# Un real urQ on Ebay



## Sepp (Dec 10, 2002)

Wow, what a stunner.
Built the same day as mine.
Too nice to drive.
As new except the missing stripes.
http://cgi.ebay.com/ebaymotors...15634


----------



## PerL (Jan 9, 2001)

*Re: Un real urQ on Ebay (Sepp)*

Wow, that is gorgeous!


----------



## WAUOla (Apr 15, 2005)

Tizian(o?)rot paint? Looks nice.


----------



## PerL (Jan 9, 2001)

*Re: (WAUOla)*


_Quote, originally posted by *WAUOla* »_Tizian(o?)rot paint?
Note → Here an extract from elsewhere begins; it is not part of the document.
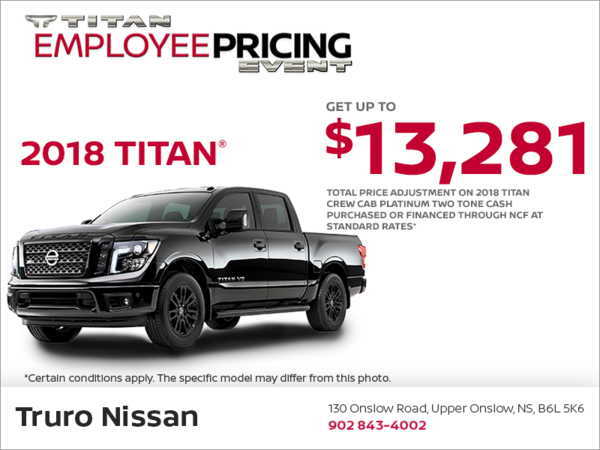 Get the 2018 Titan Today!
Yeah, Tizian in German, Titian in English.
Many VW/Audi colors have slightly different names in German vs. English. Few have totally different names.


----------



## Entwerfer des Audis (Jun 16, 2006)

*Re: Un real urQ on Ebay (Sepp)*

Damn big bumpers and I still prefer the vertical grille & headlamps, but otherwise amazing!!


----------



## vwvanaudi (Jan 21, 2000)

*Re: Un real urQ on Ebay (Sepp)*

Hey Joe...... You say that to all the low milers. LOL....nicer than mine??? NO!!!!!!!!! LOL. This caught my eye for various, obvious reasons......that is a beauty. Not my fav color, but an amazing car nonetheless. How goes it? I have a tech question that I am hoping you can help with: looking to swap out the tired, overheating 5 cyl motor with low oil pressure in my 5+5 with a low mile motor out of an 86 5000. Is this an "easy" swap or is there a better year to swap. I also have a possible line on an 84 engine. What will I need to retain from the 81? Any help is appreciated. How goes it? Email me. Later. Thanks. How are you doing? Adjusted to the east coast yet? Are you coming back sometime...?


----------



## Sepp (Dec 10, 2002)

*Re: Un real urQ on Ebay (vwvanaudi)*

Good to hear from you Van,
I'll get with you off the forum.
Found some nice pictures of your car by the way


----------